*The task:* These records contain pictures, which must be left out; copy exactly the lines from the one with "Professional tarot reader" up to and including the one with "Vit stickad tröja Polo".

-------- Task input

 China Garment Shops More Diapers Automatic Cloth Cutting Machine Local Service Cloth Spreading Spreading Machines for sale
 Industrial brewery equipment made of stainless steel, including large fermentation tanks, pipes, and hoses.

----------------
-------- Task input

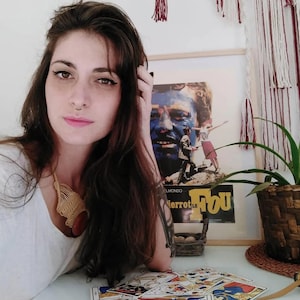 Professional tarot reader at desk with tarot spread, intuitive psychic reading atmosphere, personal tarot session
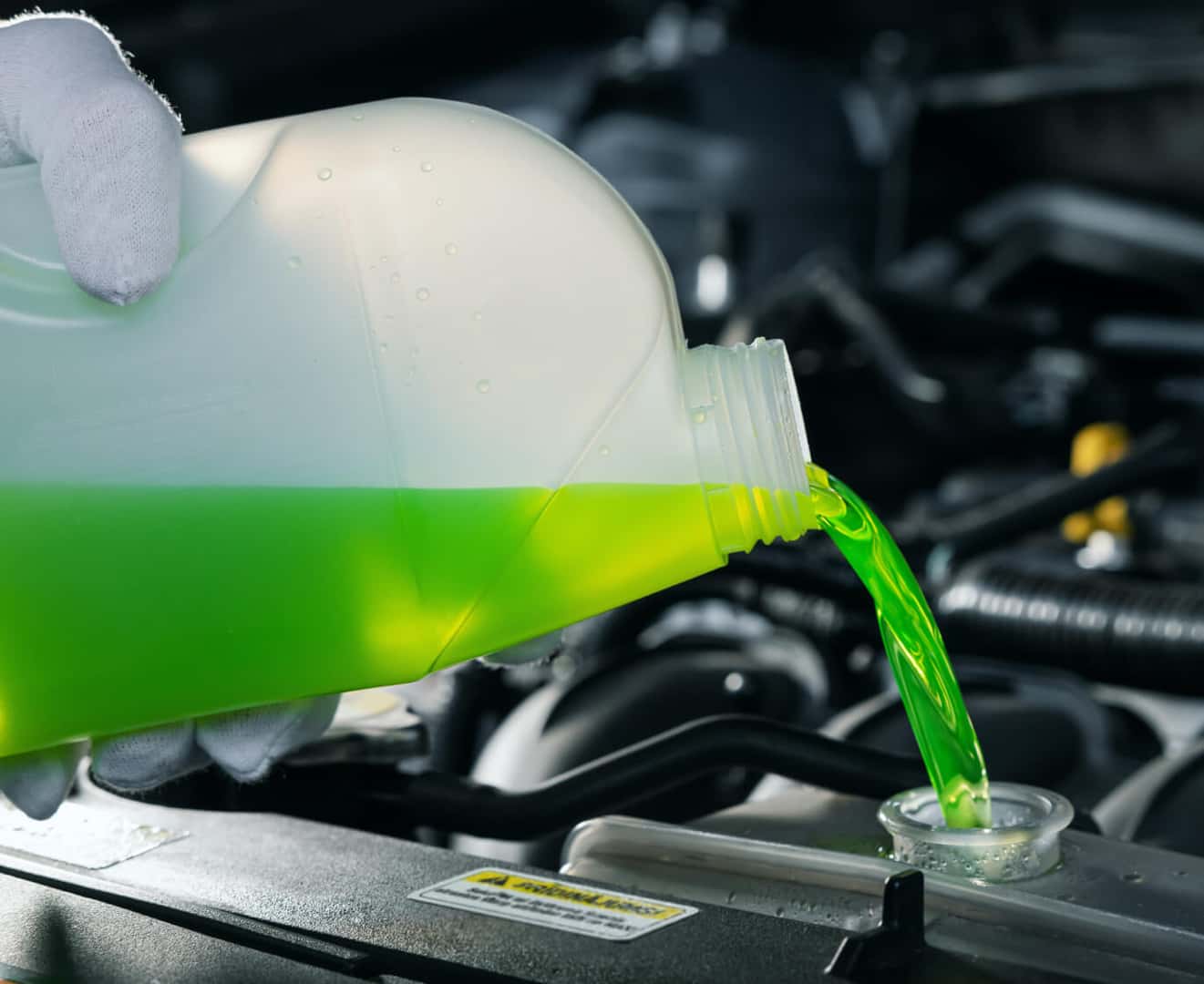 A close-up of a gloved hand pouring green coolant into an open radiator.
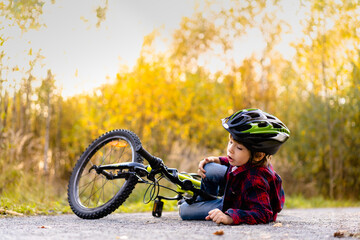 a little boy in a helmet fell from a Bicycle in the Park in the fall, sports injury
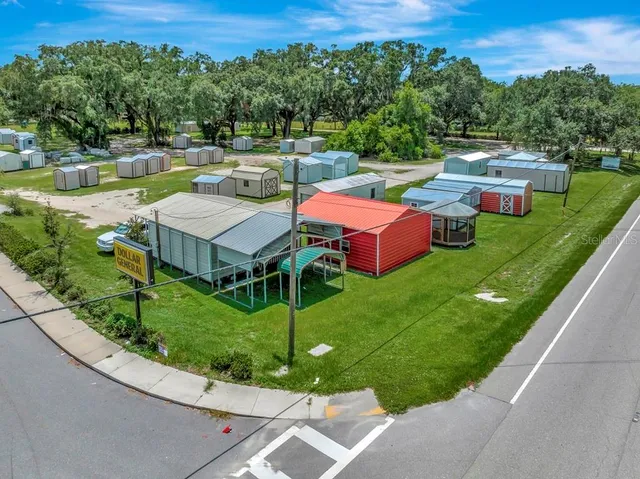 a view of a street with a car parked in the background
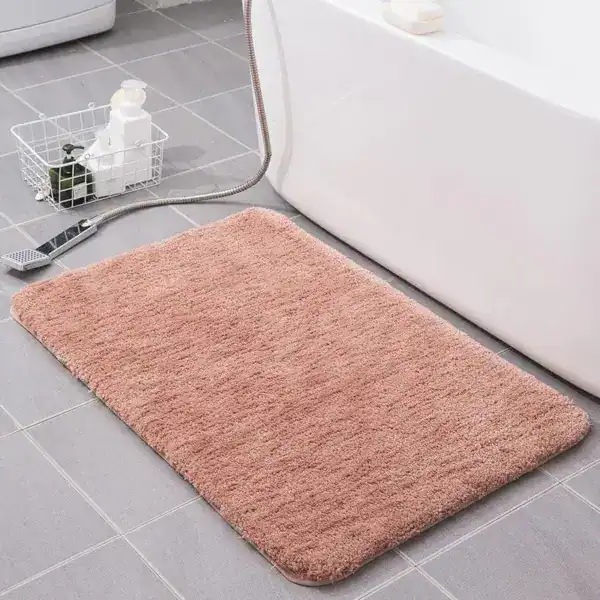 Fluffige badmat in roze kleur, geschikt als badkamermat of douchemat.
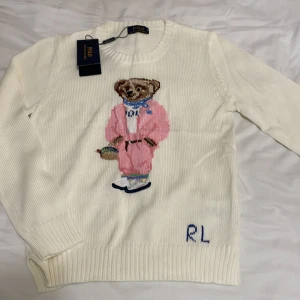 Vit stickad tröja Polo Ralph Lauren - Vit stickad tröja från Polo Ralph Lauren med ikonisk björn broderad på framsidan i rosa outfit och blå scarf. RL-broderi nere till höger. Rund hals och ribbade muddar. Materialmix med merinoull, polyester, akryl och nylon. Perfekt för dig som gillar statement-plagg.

----------------
-------- Task input

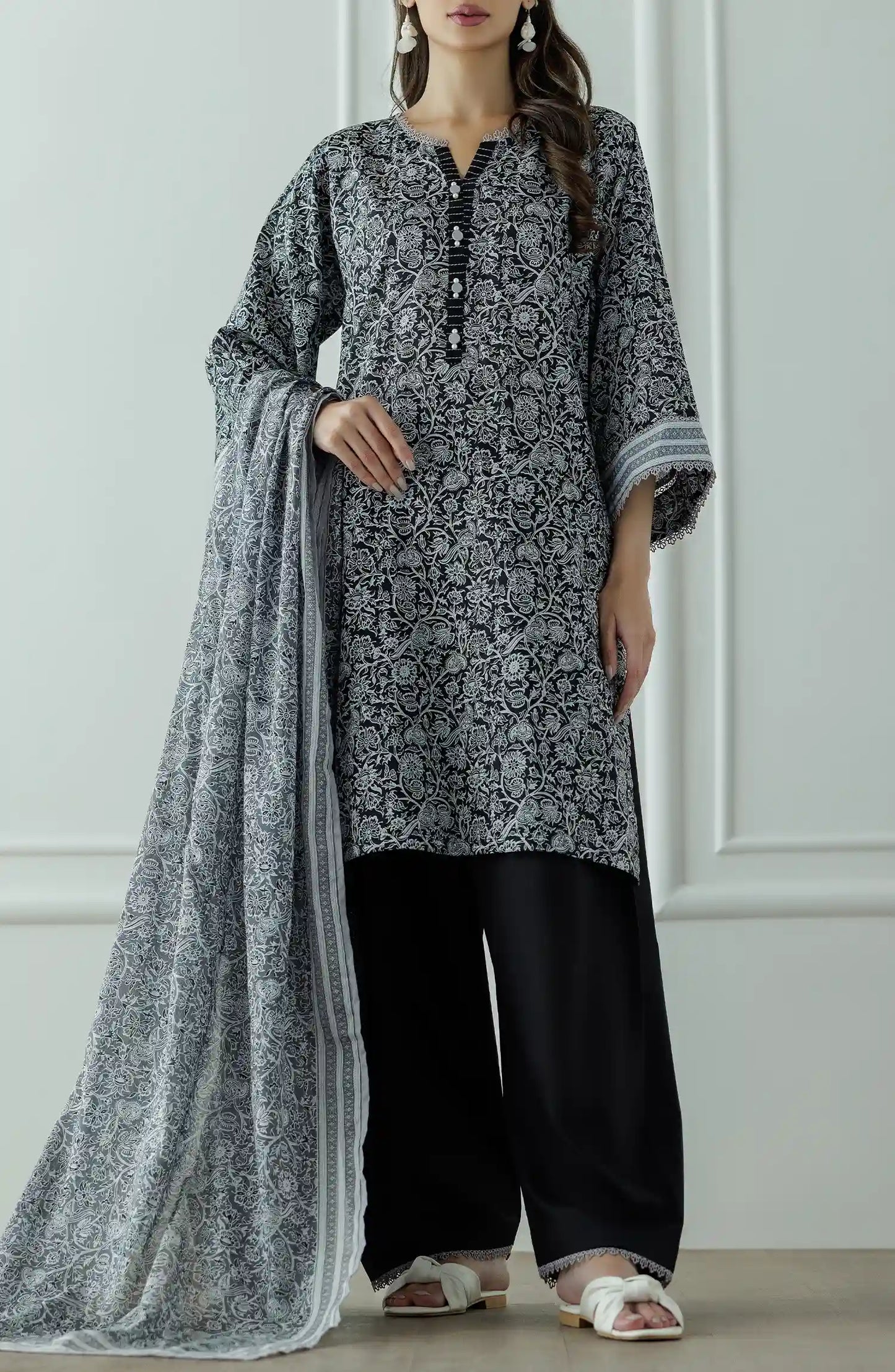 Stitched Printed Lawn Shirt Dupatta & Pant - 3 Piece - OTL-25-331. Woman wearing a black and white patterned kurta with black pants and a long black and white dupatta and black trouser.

----------------

*Problem solution:*
 Professional tarot reader at desk with tarot spread, intuitive psychic reading atmosphere, personal tarot session
 A close-up of a gloved hand pouring green coolant into an open radiator.
 a little boy in a helmet fell from a Bicycle in the Park in the fall, sports injury
 a view of a street with a car parked in the background
 Fluffige badmat in roze kleur, geschikt als badkamermat of douchemat.
 Vit stickad tröja Polo Ralph Lauren - Vit stickad tröja från Polo Ralph Lauren med ikonisk björn broderad på framsidan i rosa outfit och blå scarf. RL-broderi nere till höger. Rund hals och ribbade muddar. Materialmix med merinoull, polyester, akryl och nylon. Perfekt för dig som gillar statement-plagg.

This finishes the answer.